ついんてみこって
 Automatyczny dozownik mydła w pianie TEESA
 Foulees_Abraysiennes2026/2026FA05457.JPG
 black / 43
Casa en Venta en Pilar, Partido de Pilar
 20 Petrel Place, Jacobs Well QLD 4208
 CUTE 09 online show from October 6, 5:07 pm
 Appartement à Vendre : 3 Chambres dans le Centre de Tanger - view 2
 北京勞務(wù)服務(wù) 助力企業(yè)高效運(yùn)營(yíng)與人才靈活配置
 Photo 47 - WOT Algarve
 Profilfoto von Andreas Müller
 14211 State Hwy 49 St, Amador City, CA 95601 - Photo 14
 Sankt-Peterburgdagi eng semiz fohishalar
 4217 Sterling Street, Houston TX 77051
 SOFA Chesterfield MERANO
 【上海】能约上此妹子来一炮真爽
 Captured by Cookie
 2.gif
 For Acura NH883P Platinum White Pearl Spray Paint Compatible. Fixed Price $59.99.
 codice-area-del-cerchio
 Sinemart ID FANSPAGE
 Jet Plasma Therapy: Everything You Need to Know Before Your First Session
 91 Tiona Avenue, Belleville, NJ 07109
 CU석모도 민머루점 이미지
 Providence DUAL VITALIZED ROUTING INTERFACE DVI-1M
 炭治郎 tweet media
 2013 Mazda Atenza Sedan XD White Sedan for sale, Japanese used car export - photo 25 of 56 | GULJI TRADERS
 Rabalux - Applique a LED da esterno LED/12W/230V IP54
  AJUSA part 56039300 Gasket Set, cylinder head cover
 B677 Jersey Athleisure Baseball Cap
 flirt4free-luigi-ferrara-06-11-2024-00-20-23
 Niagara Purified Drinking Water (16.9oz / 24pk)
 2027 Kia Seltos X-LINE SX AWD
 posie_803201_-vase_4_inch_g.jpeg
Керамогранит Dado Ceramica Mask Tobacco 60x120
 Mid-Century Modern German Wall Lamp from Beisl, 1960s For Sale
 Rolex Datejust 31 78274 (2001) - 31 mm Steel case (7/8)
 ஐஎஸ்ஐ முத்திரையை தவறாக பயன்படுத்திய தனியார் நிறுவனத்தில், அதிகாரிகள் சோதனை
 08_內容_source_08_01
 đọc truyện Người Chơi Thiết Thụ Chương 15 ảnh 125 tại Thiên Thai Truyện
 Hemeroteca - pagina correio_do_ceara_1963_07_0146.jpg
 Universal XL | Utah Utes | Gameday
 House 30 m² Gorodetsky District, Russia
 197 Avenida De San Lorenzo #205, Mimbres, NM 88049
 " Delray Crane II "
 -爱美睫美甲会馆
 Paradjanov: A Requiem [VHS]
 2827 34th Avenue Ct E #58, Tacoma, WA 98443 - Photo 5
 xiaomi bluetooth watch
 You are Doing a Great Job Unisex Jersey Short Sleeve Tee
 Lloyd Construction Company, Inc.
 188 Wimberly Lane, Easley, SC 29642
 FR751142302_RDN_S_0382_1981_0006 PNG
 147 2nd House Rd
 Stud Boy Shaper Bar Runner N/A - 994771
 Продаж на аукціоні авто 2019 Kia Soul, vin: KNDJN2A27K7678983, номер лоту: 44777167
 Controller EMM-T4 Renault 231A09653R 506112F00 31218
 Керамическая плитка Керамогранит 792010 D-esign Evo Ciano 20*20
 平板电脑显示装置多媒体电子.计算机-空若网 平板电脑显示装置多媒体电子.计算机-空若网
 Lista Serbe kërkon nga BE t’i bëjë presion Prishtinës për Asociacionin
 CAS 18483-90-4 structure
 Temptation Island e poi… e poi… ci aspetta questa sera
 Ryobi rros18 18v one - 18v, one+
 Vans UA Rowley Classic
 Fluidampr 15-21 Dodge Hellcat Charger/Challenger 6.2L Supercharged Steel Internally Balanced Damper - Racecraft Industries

▸ Instructions to follow
Return the number of lines containing the word "Jersey" in these records, with no additional output.

▸ Response to this exercise
2